Inserting the word "from" defines firearms as the cause. It comes with the assumption: if there were no firearms, none of the deaths listed would have occurred.
That is a false assumption.
The rate of total suicides is little affected by a reduction of firearms; similarly, a reduction of firearms has little, if any, effect on homicides.
There may be an effect on fatal accidents. The numbers are so small, it is difficult to know if reducing the number of firearms would reduce the total rate of accidental deaths. It might, or it might not.
The rate of accidental deaths with firearms has been reduced a remarkable 94% in the last 85 years, which is why the current number is so small. We do not have a good number for how many privately owned firearms there were 85 years ago. The first reasonable estimate is from 1945. 91 of the 94% reduction in the rate of fatal firearm accidents has occurred since 1945.
The reduction has occurred while the per capita number of firearms has risen from .35 in 1945 to 1.37 in 2019. In 75 years, the number of firearms per person in the United States has increased 390%. There is little correlation with the number of guns and the number of fatal gun accidents.
By the end of 2020, there will be four times as many privately owned guns per person in the United States as there was in 1945. The homicide rate is lower today than it was in 1945.
In 1945 the homicide rate was 5.7 per 100,000. In 1933 it was 9.7. In 1957, it was 4.0. In 1974, it was 9.8. In 1980, it was 10.2. In 1984, it was 7.9. In 1993, it was 9.8. By 2013, it was back down to 4.5.
The homicide rate has gone through wild swings, as the per capita number of firearms has steadily increased.

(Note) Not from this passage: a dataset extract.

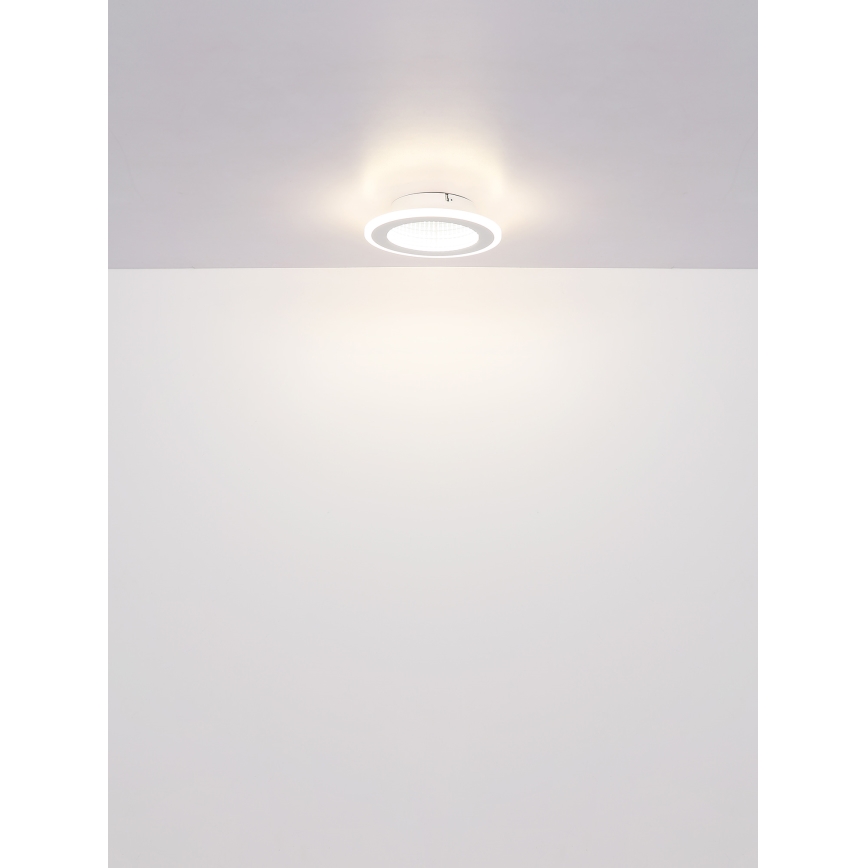 Globo - LED Stropní svítidlo LED/12W/230V 4000K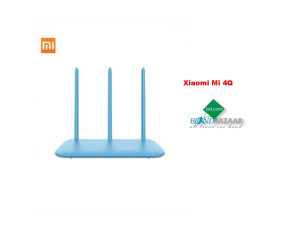 Xiaomi Mi 4Q 450Mbps Three Antennas Router Price Bangladesh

There is no correlation between the number of guns and the homicide rate.
An absolutist might claim if there were no guns, there would be no gun accidents. No rational person believes the number of firearms in society can be reduced to zero. Even with the draconian gun controls put in place in Australia in 1997, the number of private guns is now more than it was before the controls were put in place. To reduce guns to zero, you have to eliminate the potential of making them. Making guns at home is getting easier every year.
There were 444 million private firearms in the United States at the end of 2019. The population was 328.2 million.
In the results section of the abstract, the error is repeated. This is not a surprise. The error is the heart of the paper. Without the error, the reason for the article evaporates. From the results:
The lifetime risk of death from firearms, drug overdoses, and motor vehicle accidents was 0.93% (95% confidence interval [CI], 0.92%-0.94%), 1.52% (95% CI, 1.51%-1.53%), and 0.92% (95% CI, 0.91%-0.93%), respectively.
To check the numbers in the paper, I performed much simpler mathematics.
I took the number of deaths associated with firearms from the CDC in 2018 (39,740) x the life expectancy from the closest year, 2017 (78.54). That yielded the deaths over the time span of the average life expectancy, or 3,119,590. As a percentage of the population, that is .95%, very close to what the study says. But the study only counted people below the age of 85. When you correct for that (in 2016, the percent over 85 was 1.9%), 1.019 x .93 is .95%, so close as to be no difference.
This simple check shows the mathematics of the study are credible.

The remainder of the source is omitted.